Directions »
Starting at the first line of the listing below, repeat each line up to and including the one containing "서울 종로 인모드 슈링크 합체 23만원 후기". Leave out pictures.

Dataset excerpts »
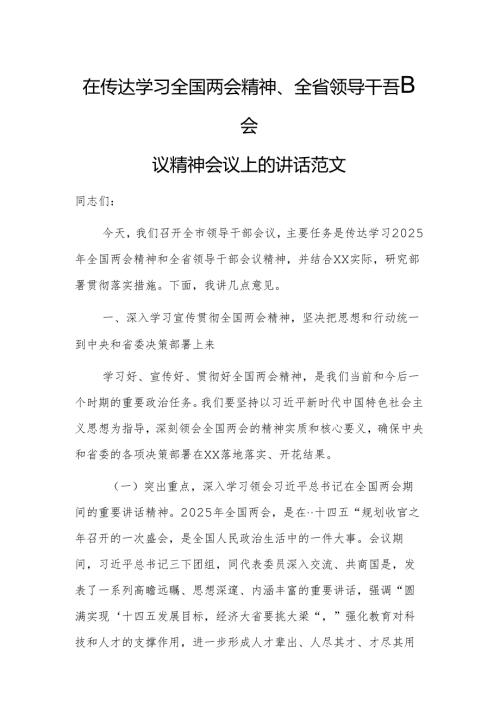 在传达学习全国两会精神及上级领导干部会议精神会议上的讲话范文.docx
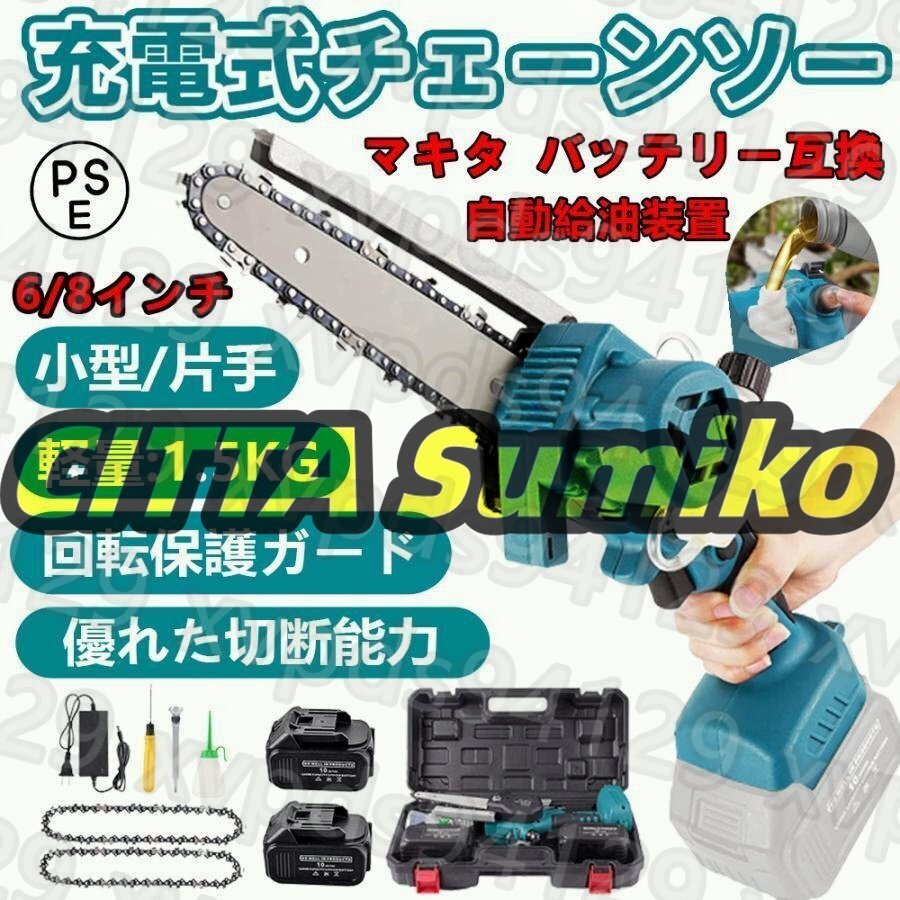 アルミ板 45x90x685 (厚x幅x長さ㍉) 保護シート付 材料・素材 アルミ板 45x90x685 (厚x幅x長さ㍉) 保護シート付 材料・素材
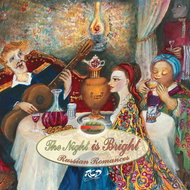 Erdenko Nikolay, Lopato, Ludmila: The Night is Bright - The Best Russian Romances - CD - Music CD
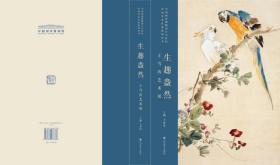 抢！抢！抢！展博来了！ 国博新宠：目前最全的王雪涛画集！
    预售：仅限量200本《生趣盎然一王雪涛艺术展》中国国家博物馆20世纪中国美术名家，大16开248页图片300张定价568元特惠价预售448元（12月底前后发货）
       王雪涛是中国花鸟画在20世纪发展过程中具有典型意义的美术大家，他在传统与现代相融合方面独树一帜，悟本溯源，继承宋元诸家传统，升华自然，亦是国内最早接受新式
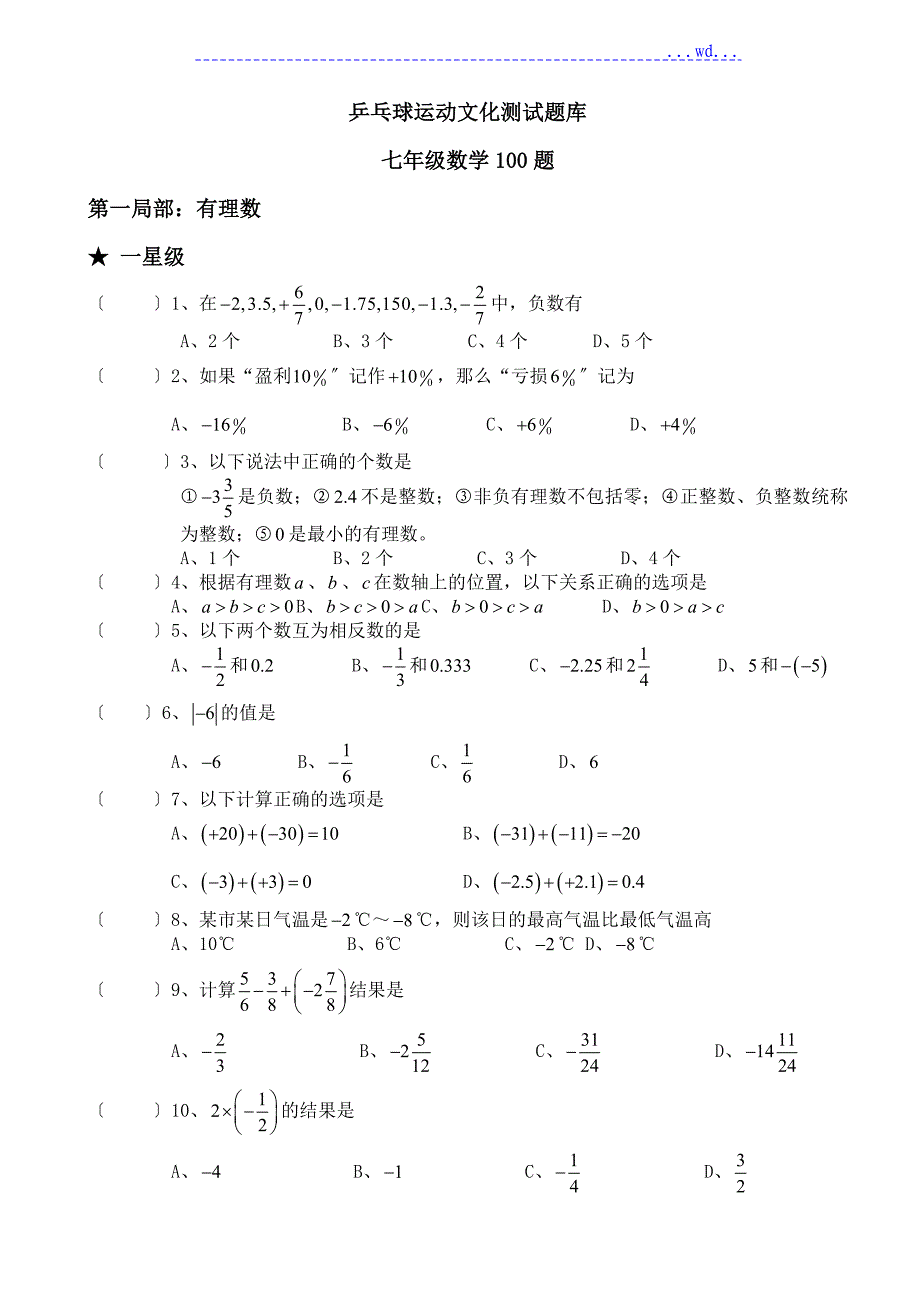 七年级数学100题_第1页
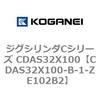 CDAS32X100-B-1-ZE102B2 �W�O�V�����_C�V���[�Y CDAS32X100 �R�K�l�C 71049992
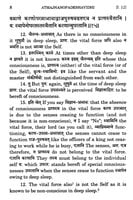 Vakyavritti of Sri Sankaracharya Vakyavritti of Sri Sankaracharya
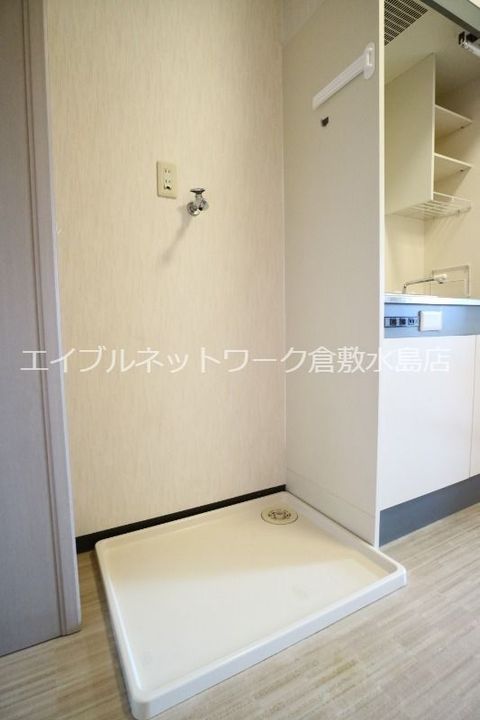 カランドリエ松島205のその他画像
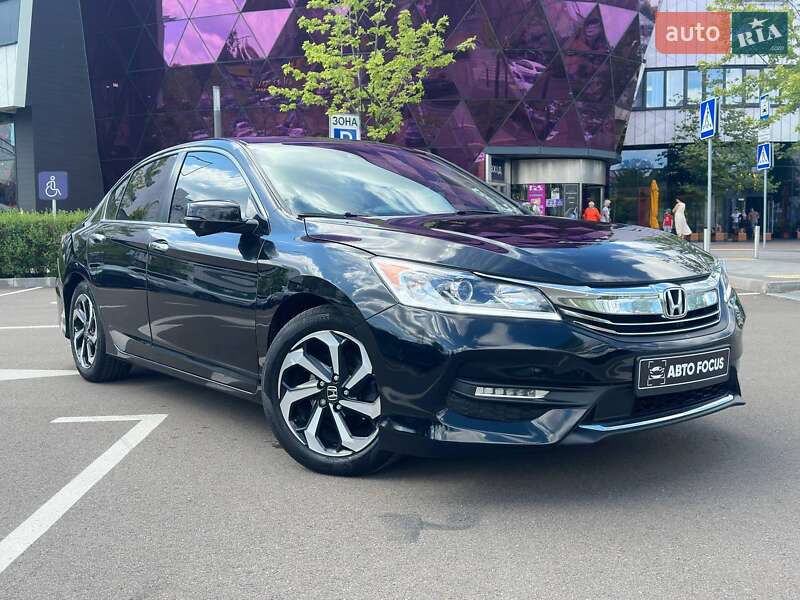 Honda Accord 2017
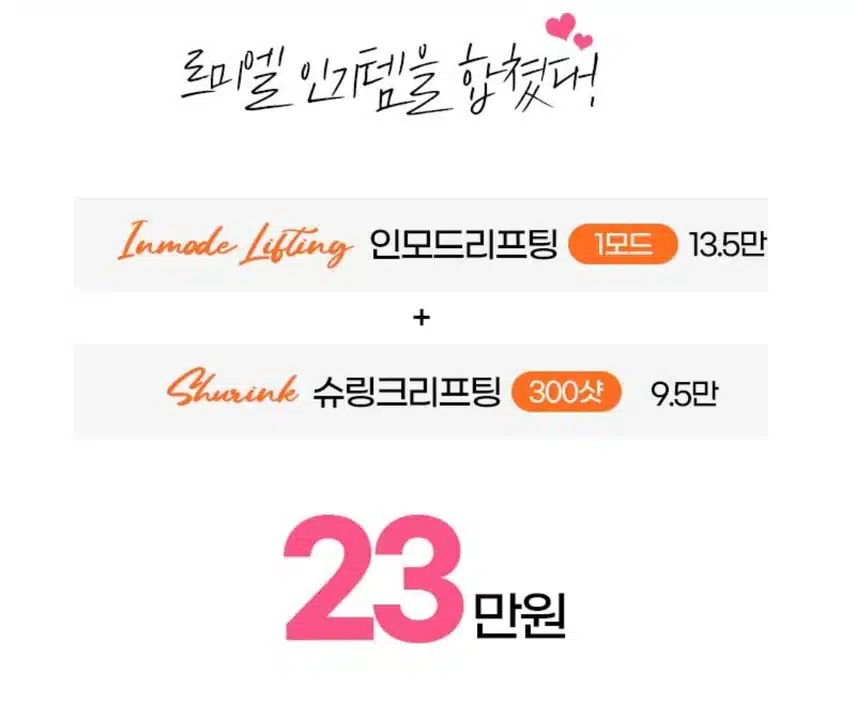 서울 종로 인모드 슈링크 합체 23만원 후기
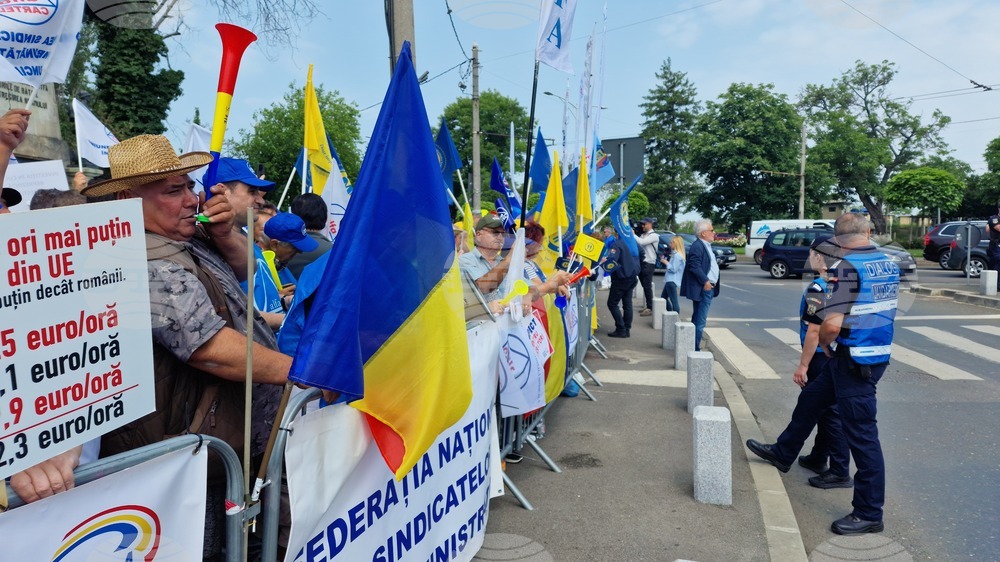 Румъния - Букурещ - протест - синдикати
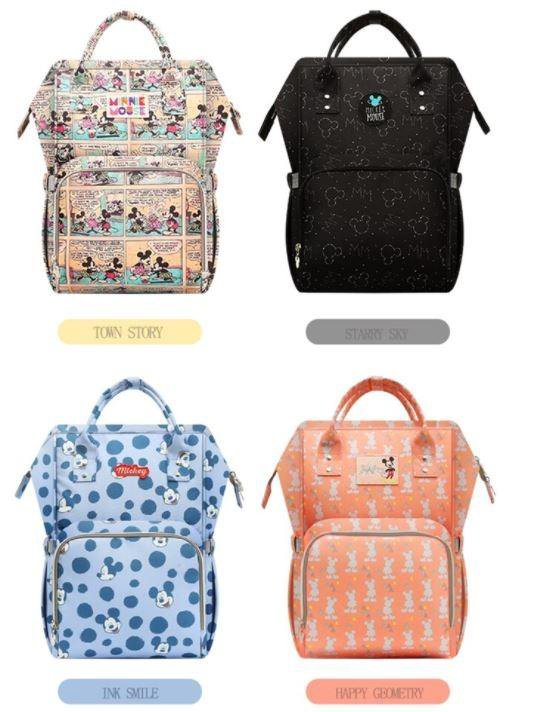 Рюкзак Disney для мамы и для школы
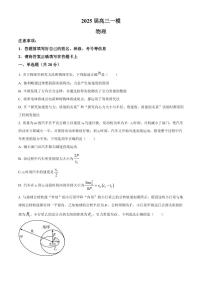 2025届湖南省长沙市地质中学高三下学期一模物理试卷（含答案）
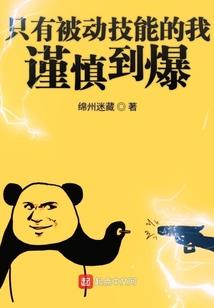 调车鸣笛含义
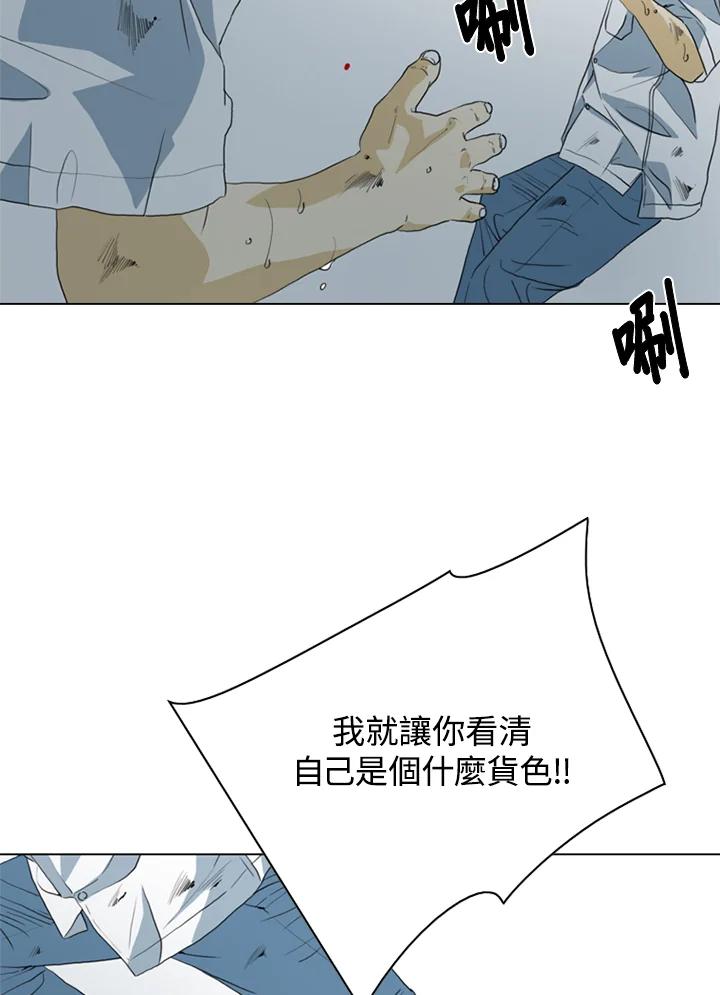 《TEN》第38话 第20页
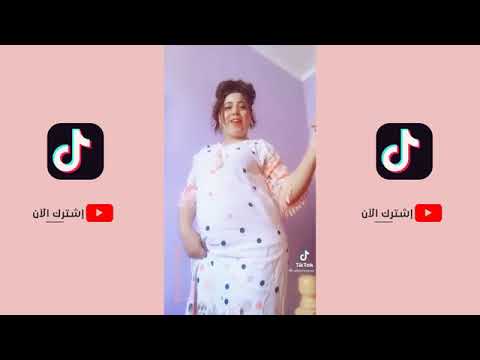 أروع تجميعية شطيح على الشعبي بين المغربيات 🔥🔥 chtih TikTok Maroc octobre 2022💖 chaabi 2022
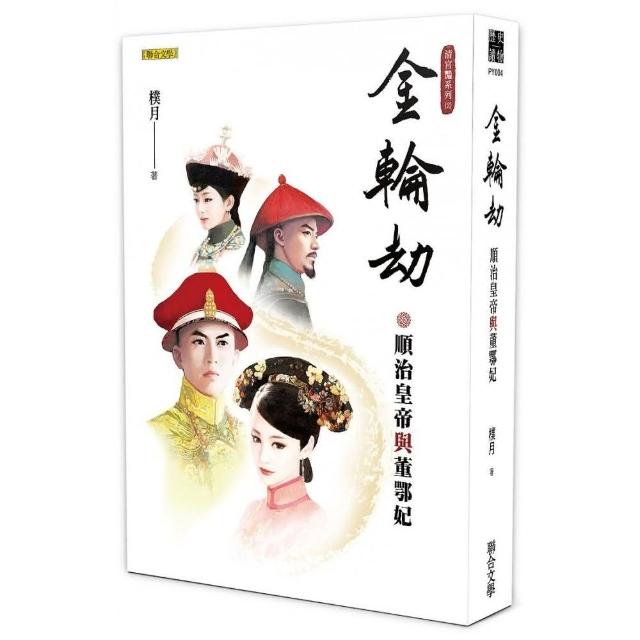 金輪劫：順治皇帝與董鄂妃（清宮豔系列２） | 拾書所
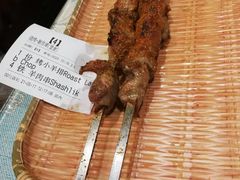 羊肉串-新疆伊宁远征餐厅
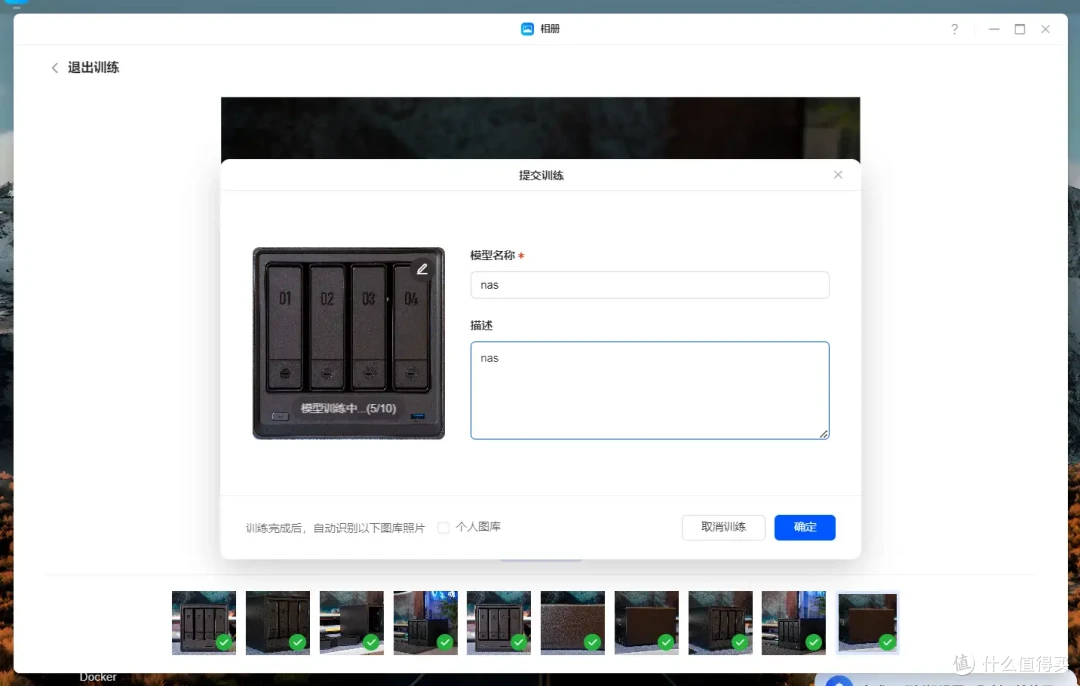 绿联UGOS PRO系统新升级,新体验 | 绿联NAS DXP 4800使用测评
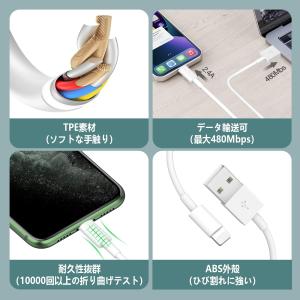 iPhone 充電器ケーブル 純正品質 MFI...の詳細画像5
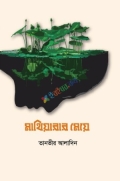মাথিয়ারার মেয়ে (হার্ডকভার)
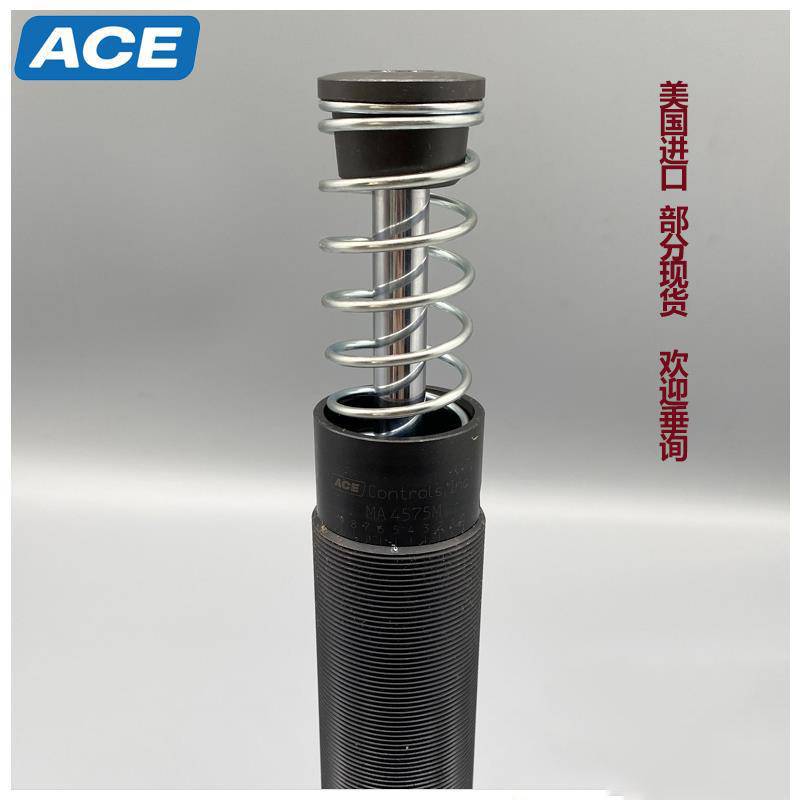 ACE缓冲器MA3350M MA3325M MA4550M MA64100M MA64150M MC64100M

Answer to this exercise »
 在传达学习全国两会精神及上级领导干部会议精神会议上的讲话范文.docx
 アルミ板 45x90x685 (厚x幅x長さ㍉) 保護シート付 材料・素材 アルミ板 45x90x685 (厚x幅x長さ㍉) 保護シート付 材料・素材
 Erdenko Nikolay, Lopato, Ludmila: The Night is Bright - The Best Russian Romances - CD - Music CD
 抢！抢！抢！展博来了！ 国博新宠：目前最全的王雪涛画集！
    预售：仅限量200本《生趣盎然一王雪涛艺术展》中国国家博物馆20世纪中国美术名家，大16开248页图片300张定价568元特惠价预售448元（12月底前后发货）
       王雪涛是中国花鸟画在20世纪发展过程中具有典型意义的美术大家，他在传统与现代相融合方面独树一帜，悟本溯源，继承宋元诸家传统，升华自然，亦是国内最早接受新式
 七年级数学100题_第1页
 CDAS32X100-B-1-ZE102B2 �W�O�V�����_C�V���[�Y CDAS32X100 �R�K�l�C 71049992
 Vakyavritti of Sri Sankaracharya Vakyavritti of Sri Sankaracharya
 カランドリエ松島205のその他画像
 Honda Accord 2017
 서울 종로 인모드 슈링크 합체 23만원 후기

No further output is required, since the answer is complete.